One could not be a Mole Person without paying a price, if only because one cannot more or less subsist on drugs and not pay a price. This would particularly have been the case with speed, which gives those who live it a sense that they have no need to either sleep or eat. Beautiful Freddy Herko, a dancer, exemplified the Mole agenda, in that he had an immense sense of greatness, accompanied by limited gifts. Ondine described him as “a total star dealing with space and time and dealing with his audience, and dealing with everything in that little thing called the avantgarde. But that was nowhere to go for Freddy Herko. Herko was involved in bigger things. He wanted to be seen. Fred Herko wanted to fly” (57). Somehow performing a minimally choreographed dance routine in the background of an avant-garde film, like Warhol’s Haircut, while Billy Name cut someone’s hair in the foreground, was insufficient glory for someone whose self-image was as vast as Herko’s. The world ultimately closed in on him. A friend, seeing him dancing out of control on a restaurant counter, took him home. He bathed, then danced through an open window on the fifth floor as he listened to Mozart’s Coronation Mass: fly he finally did. Andy famously said afterward that he wished he had been able to film Herko’s death leap. But Herko’s mind and soul had become entirely engaged with bead stringing, the Mole Person’s defining occupation. Everyone knew that, in the value scheme of the Silver Factory, he had done the right thing.

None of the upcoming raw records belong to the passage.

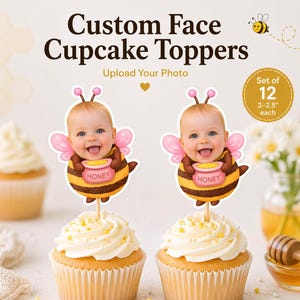 May include: Custom face cupcake toppers featuring a baby dressed as a bee. The toppers are on cupcakes with white frosting. The image includes the text "Custom Face Cupcake Toppers" and "Upload Your Photo". The set includes 12 toppers, each 2-2.5 inches.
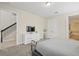 Cozy bedroom featuring a large bed, a TV, and open access to the stairway and bathroom at 785 Desert Mountain Ct, Reunion, FL 34747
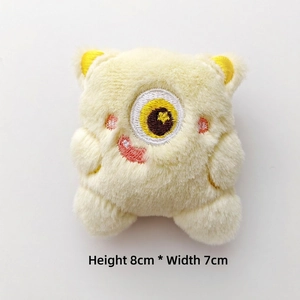 Detail shot of yellow plush monster toy showing 8cm height and 7cm width dimensions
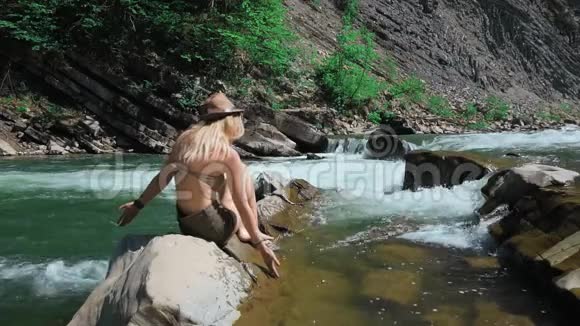 一位戴着帽子的年轻女子坐在瑞士的一条山河的岸边他用手摸着水视频的预览图
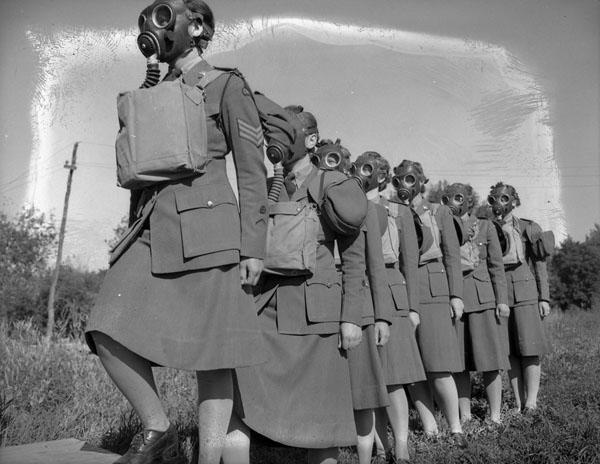 Personnel entering a gas chamber during a training exercise, No. 2 CWAC Basic Training Centre, Vermilion, Alta.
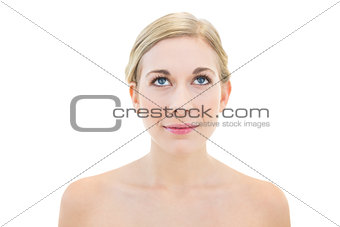 Thinking young blonde woman looking up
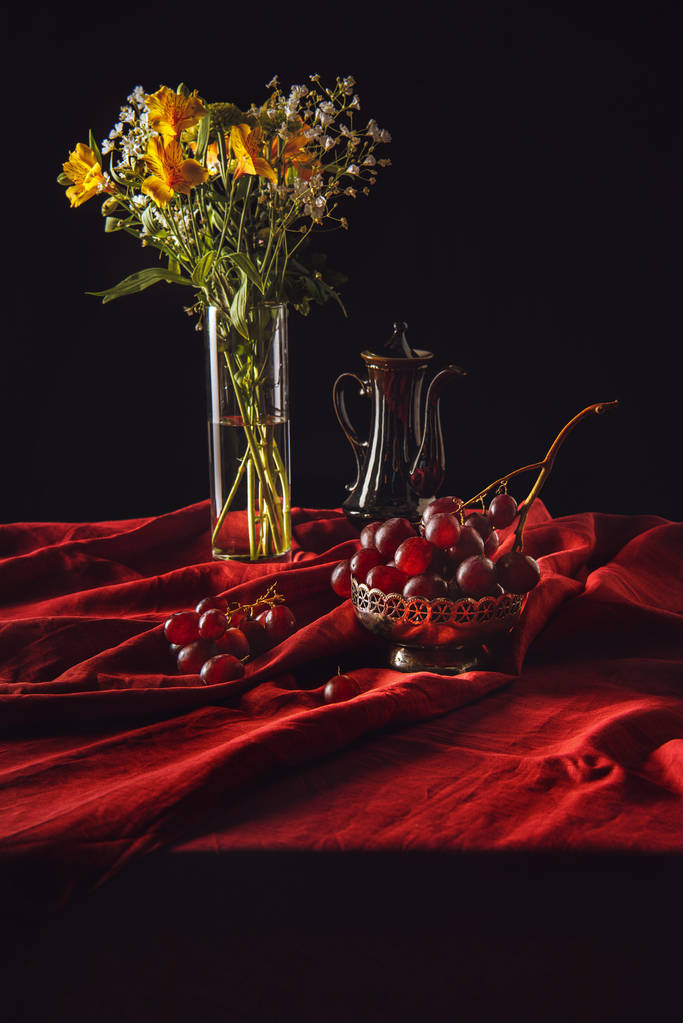 Bodegón de uvas en cuenco de metal con flores en jarrón y tetera turca sobre tela roja
 - Foto, imagen
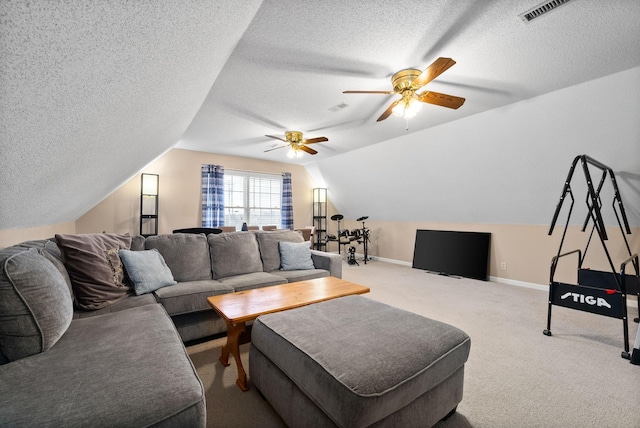 living room featuring carpet flooring, ceiling fan, lofted ceiling, and a textured ceiling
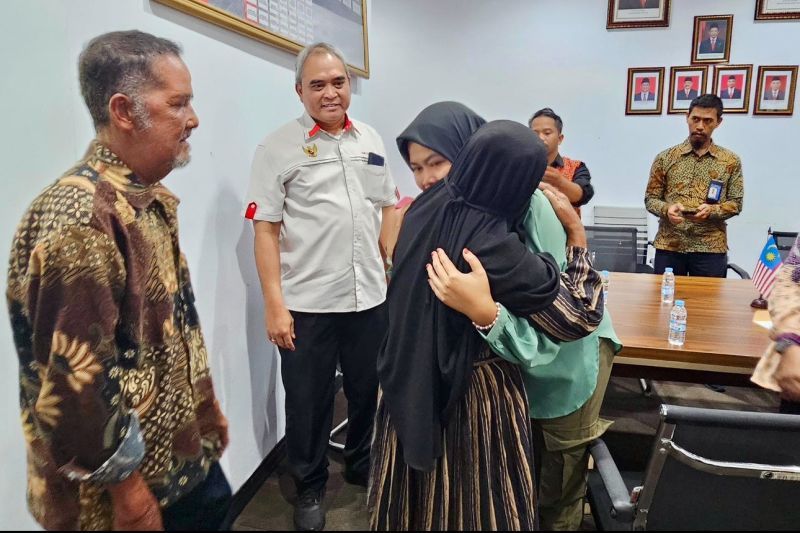 Setelah 18 tahun berpisah, korban TPPO, Marlia (kanan) akhirnya memeluk ibunya di hadapan ayahnya (kiri) dan Konsul Jenderal RI Kuching, Raden Sigit Witjaksono (kedua kiri), dalam proses pemulangannya di PLBN Aruk, Sambas, Kalimantan Barat, pada Jumat (25/10/2024).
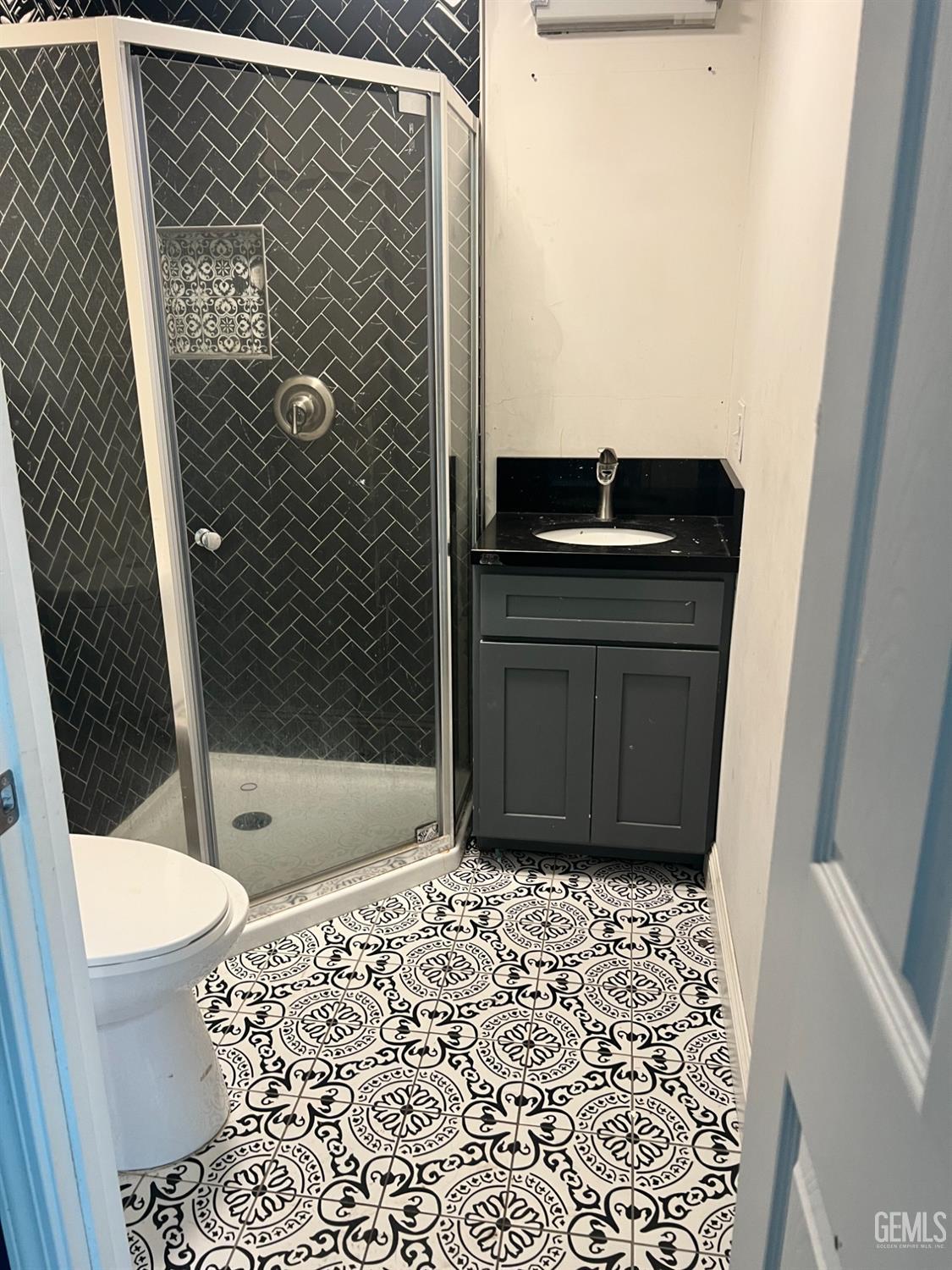 Undisclosed Address Taft, CA 93268 - Photo 4 of 10 a bathroom with a sink a toilet a shower and a mirror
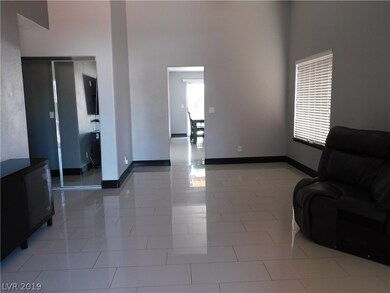 TILE FLOORS IN LIVING ROOM KITCHEN AND HALL WAY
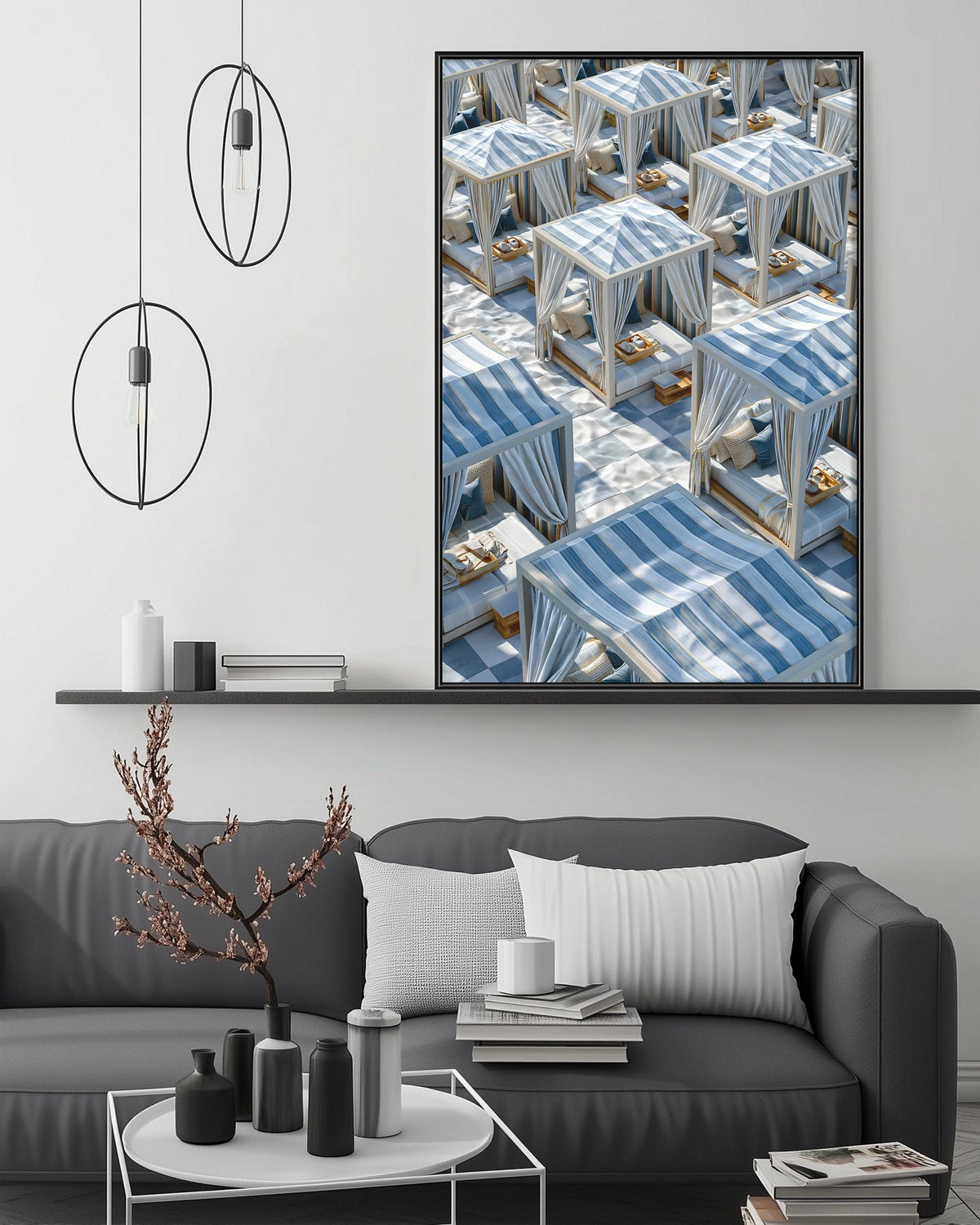 a modern living room with a gray sofa, a coffee table, and a large framed print of a beach scene with lounge chairs and umbrellas.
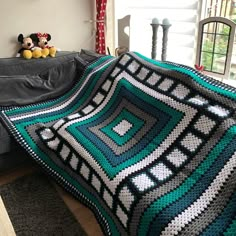 a crocheted blanket is sitting on a couch next to a teddy bear and window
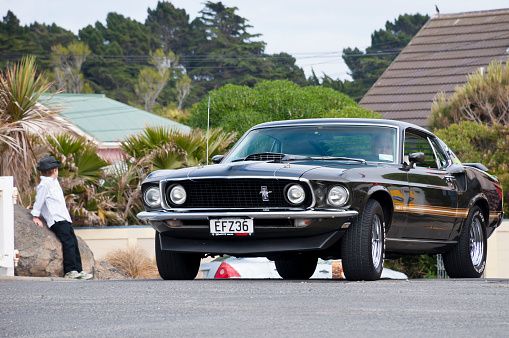 Christchurch,New Zealand - November 08, 2014: Car enthusiast driving a fully restored Ford Mustang Mach from 1969  in a classic car cavalcade the New Brighton  Parade. The car parade is held every year in Christchurch  New Zealand.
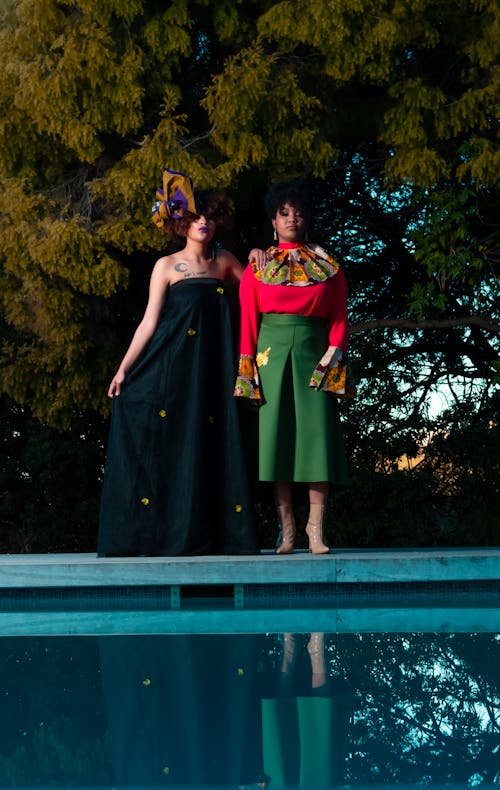 Free Two Woman Standing in Front of Body of Water Stock Photo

Slightly older, and as manic as any Mole but probably too old to be a Mole Person herself, was Dorothy Podber, whom the Moles esteemed as a genius. She said, “I’ve been bad all my life. Playing dirty tricks on people is my specialty.” Warhol wanted to put her into a film. Instead, she enacted a kind of happening, which was the crowning achievement of a life that lasted until her death in 2008. She turned up at the Silver Factory one day in leather pants and sunglasses, accompanied by her Great Dane. Warhol was shooting a picture and was too preoccupied to talk with her. The story is frequently told. Podber asked if she could shoot some pictures, and Warhol said sure. She took a silver pistol from her belt, and sent a bullet through a stack of portraits of Marilyn Monroe, right between the eyes. Warhol exhibited them as “Shot Marilyns,” but Dorothy Podber was persona non grata at the Silver Factory from that point on. The episode was inseparable from her life, and it was the main remembrance in her obituary.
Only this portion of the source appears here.